Another thing worth mentioning is that method implementations can come in three varieties, synchronous functions, async functions and functions that run in a separate thread (currently registered via @server.thread()). I don't think that places any restrictions on what the syntax can be, but it's probably worth keeping in mind

tombh commented 1 year ago

Good points. I'd completely overlooked them.

I wonder if a default keyword arg would work for those extra completion options? It could be inspected with inspect.signature.parameters(). That gives us the stronger typing and maintains a single place for definition, but makes it weird that there's a param that isn't used during actual requests and notifications.

Good to be thinking about it all though.

tombh commented 1 year ago

Just want to make a note about something else that has been frequently popping into my mind regarding how we register features.

No matter which approach we end up going with, I think it would be helpful to explicitly express whether a feature is a notification or a request. So for example:

@server.feature.notification(TEXT_DOCUMENT_DID_OPEN)
def did_open():
    ...

@server.feature.request(COMPLETION)
def completion():
    ...

Requests and notifications (and maybe commands is a 3rd type?) have slightly different behaviours and significantly different code paths. The most notable is that requests require direct responses, whilst notifications do not, indeed the spec states that any direct responses to a notification should be ignored by the client.

Whilst the current lack of distinction is not critical, I think the self-documenting requirement for stating the nature of the feature will help manage expectations and the ability to better reason about behaviour.

Anyway, just an idea I wanted to note down.

Edit: The thing that actually led me to this idea was that Pygls does not currently have a centralised way to handle all errors. Namely that errors from notifications are merely logged in the server and not expressed back to the client.

nthykier commented 2 months ago

Even with the decorator method, we can probably figure out a way for it to work with a class method. As an example, the python property decorator is quite magical in this regard and might be useful as in inspiration:


class C:

     @property
     def foo(self):
         ...

     @foo.setter
     def foo(self, new_value):
         ...

Conceptually, maybe something like

class CustomLanguageServer(LanguageServer):

    lsp_registry: ClassVar[FeatureRegistry] = FeatureRegistry()

    @lsp_registry.feature(...) # or require/notification
    def did_open(self, params):
         ....

    @lsp_registry.feature(...) # or require/notification
    def did_change(self, params):
         ....    

The FeatureRegistry.feature would then do a similar thing as the existing feature decorator except the wrap_with_server (the self attribute is already there for this purpose). The LanguageServer parent class could check for lsp_registry being provided in the subclass and if so, initialize its feature manager based on that attribute.

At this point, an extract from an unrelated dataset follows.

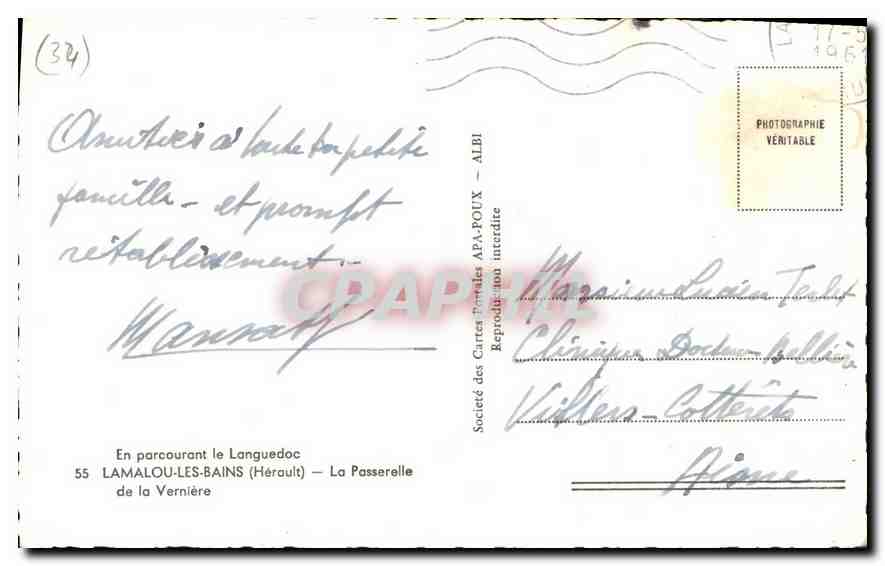 Lamalou-les-Bains (Hérault) — La Passerelle — Société des Cartes Postales APA-POUX — Rückseite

Probably it can be made even more smooth than this; like maybe we can have lsp_registry be defined already in the LanguageServer and repurpose @LanguageServer.feature so it works both as a class and as an instance method. A bit of introspection of the first parameter should be sufficient (or via the hybridmethod decorator from https://stackoverflow.com/questions/18078744/python-hybrid-between-regular-method-and-classmethod). It would be a bit more magical but it would retain having a "single" entry point that people need to know about (or two, if we split feature into request and notification).

Let me know if this is something that might be interesting and I can look into writing a patch/PR for it. I, like OP, also had a case where I wanted to do a custom subclass and initialize somethings in the __init__ method. :)

alcarney commented 2 months ago

repurpose @LanguageServer.feature so it works both as a class and as an instance method.

If it's possible to make that work, I'd definitely find that interesting :)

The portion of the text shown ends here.